BAC, NINH VIETNAM – One of Vietnam’s last surviving veterans of the battle of Dien Bien Phu recounts with pride the day in May 1954 when, at just 19 years old, he captured the commander of the French colonial forces.
Hoang Dang Vinh’s display of military prowess earned him the supreme honor of meeting revolutionary leader Ho Chi Minh — “Uncle Ho” — the future founding president of modern Vietnam.
Sixty years ago, after two months of hard fighting in the Dien Bien Phu valley, Vietnamese troops unexpectedly but conclusively defeated the country’s colonial master, France.
“The sky was filled with tall columns of black smoke from burning vehicles. The fields were covered with dead soldiers and destroyed military equipment,” said Vinh, now a 79-year-old retired colonel.
After machine-gun fire and grenade attacks, Vinh and other Viet Minh communist independence fighters approached the fortified French camp and eventually entered the bunker of Cmdr. Christian-Marie de la Croix de Castries.
Exactly what happened next has not been recorded in the annals of history, and Castries is no longer alive to tell his story, but historians confirm the general outline of Vinh’s account, even if some details are uncertain.
Castries, then 51, who was promoted to the rank of general during the battle, insisted the day after his liberation in September 1954 that the white flag of surrender was not raised on his command.
But Vinh’s memories paint a different picture.
“We called to the people inside to surrender but nobody came out. A few minutes later, some French soldier waved a white cloth parachute,” he said.
Vinh and a few other soldiers, including the leader of his company, Ta Quoc Luaat, entered the bunker and the French officers inside “stood up and put their hands in the air — but only Castries remained motionless.”
“I was ready to shoot him,” said Vinh, who came from a poor peasant family and joined up as a private at 17.
But instead he shouted “hands up” — the only words of French he knew.
Castries “stepped back, put his hands in the air and said words that Luaat translated for me later: ‘Don’t shoot — I surrender,’ ” Vinh said.
Vinh was speaking at his house in northern Bac Ninh near Hanoi, where the walls are covered in war photos and medals he won during his 39 years of service.
Legendary Vietnamese Gen. Vo Nguyen Giap could not believe the news when it was first relayed by radio, he recalled.
“Is it true that you have captured Gen. de Castries?” the master military strategist, who died late last year at 102, kept asking, before he finally expressed his joy and praise.

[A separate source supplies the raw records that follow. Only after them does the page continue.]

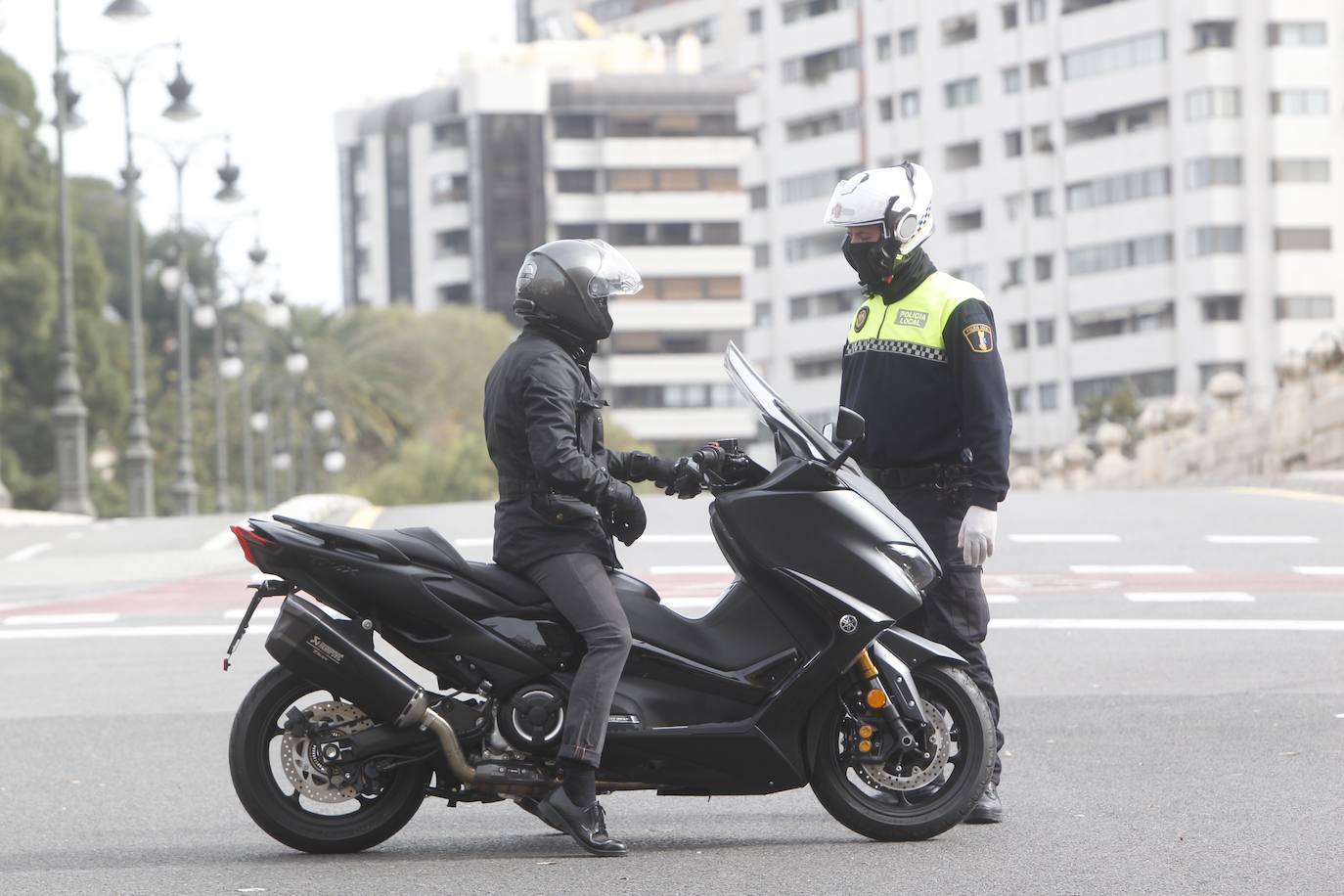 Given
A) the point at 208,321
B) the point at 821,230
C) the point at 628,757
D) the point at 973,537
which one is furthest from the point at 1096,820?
the point at 821,230

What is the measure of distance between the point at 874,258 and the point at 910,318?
0.22 m

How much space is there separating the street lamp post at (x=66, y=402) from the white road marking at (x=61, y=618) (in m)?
19.6

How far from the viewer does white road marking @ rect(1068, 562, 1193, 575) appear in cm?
1605

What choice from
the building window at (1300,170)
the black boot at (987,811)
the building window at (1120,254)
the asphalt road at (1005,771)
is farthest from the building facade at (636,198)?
the black boot at (987,811)

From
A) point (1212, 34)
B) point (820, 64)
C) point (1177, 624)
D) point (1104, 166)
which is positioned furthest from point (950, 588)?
point (820, 64)

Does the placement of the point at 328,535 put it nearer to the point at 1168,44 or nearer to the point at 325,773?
the point at 325,773

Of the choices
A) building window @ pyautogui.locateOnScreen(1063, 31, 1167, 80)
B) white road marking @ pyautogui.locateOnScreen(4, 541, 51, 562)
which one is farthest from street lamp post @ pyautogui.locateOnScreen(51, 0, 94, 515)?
building window @ pyautogui.locateOnScreen(1063, 31, 1167, 80)

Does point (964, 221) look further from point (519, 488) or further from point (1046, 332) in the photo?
point (519, 488)

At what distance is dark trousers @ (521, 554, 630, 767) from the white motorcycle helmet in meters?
1.43

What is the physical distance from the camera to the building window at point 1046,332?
10394cm

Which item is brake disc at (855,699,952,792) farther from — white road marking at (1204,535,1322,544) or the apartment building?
the apartment building

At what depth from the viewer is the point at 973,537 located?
7230 millimetres

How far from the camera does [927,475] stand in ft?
24.4

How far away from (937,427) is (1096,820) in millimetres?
1303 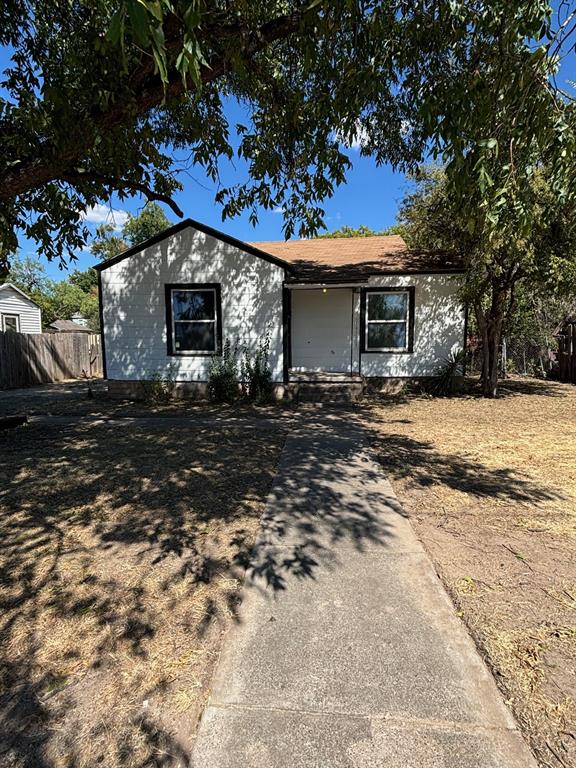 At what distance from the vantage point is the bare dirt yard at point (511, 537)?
1951mm

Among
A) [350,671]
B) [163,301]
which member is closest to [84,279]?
[163,301]

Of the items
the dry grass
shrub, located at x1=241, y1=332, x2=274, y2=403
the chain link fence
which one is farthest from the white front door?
the dry grass

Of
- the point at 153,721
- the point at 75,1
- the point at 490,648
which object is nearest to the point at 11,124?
the point at 75,1

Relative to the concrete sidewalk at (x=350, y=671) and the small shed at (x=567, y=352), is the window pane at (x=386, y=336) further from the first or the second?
the concrete sidewalk at (x=350, y=671)

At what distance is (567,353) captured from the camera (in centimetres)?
1336

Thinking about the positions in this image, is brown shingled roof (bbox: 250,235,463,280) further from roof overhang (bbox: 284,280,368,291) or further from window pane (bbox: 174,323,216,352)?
window pane (bbox: 174,323,216,352)

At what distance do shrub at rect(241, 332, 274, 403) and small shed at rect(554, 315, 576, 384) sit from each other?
30.8 feet

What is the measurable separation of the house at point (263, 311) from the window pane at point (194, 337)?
0.08 ft

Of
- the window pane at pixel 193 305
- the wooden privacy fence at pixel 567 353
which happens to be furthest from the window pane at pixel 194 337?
the wooden privacy fence at pixel 567 353

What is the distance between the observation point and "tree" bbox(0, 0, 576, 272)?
345 centimetres

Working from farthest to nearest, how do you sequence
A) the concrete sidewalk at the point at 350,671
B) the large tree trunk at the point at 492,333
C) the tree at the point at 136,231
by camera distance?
the tree at the point at 136,231 < the large tree trunk at the point at 492,333 < the concrete sidewalk at the point at 350,671

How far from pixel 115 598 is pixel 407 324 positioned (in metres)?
10.1

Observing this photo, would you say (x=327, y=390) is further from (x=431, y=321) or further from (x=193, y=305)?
(x=193, y=305)

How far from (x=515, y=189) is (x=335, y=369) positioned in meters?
8.64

Several days later, Vinh met Ho Chi Minh, founder of the Vietnamese Communist Party.
Along with the glory, the horrors of one of the most terrible battles in the Indochina war are still etched in his memory.
“The fighting was extremely bloody,” he said, his voice trembling as he described bodies littering the battlefield, their arms and legs torn off.
Some 3,000 French soldiers and at least 10,000 Vietnamese died at Dien Bien Phu, which marked the end of French dominance in Indochina.
Vinh, like many of his comrades, never received much training: a month of practice using firearms and explosives and he was then set for life in the trenches — which were a crucial part of the Viet Minh army’s strategy.
Five of the Viet Minh’s seven divisions were concentrated around Dien Bien Phu — and spent most of their time in the dank, uncomfortable trenches.
“I weighed only around 40 kilos. Life was very difficult,” he said, adding that he still remembered the “hatred” he felt for the French at the time.
Vietnamese forces laid siege to the French positions for weeks and on May 7, French soldiers laid down their arms en masse.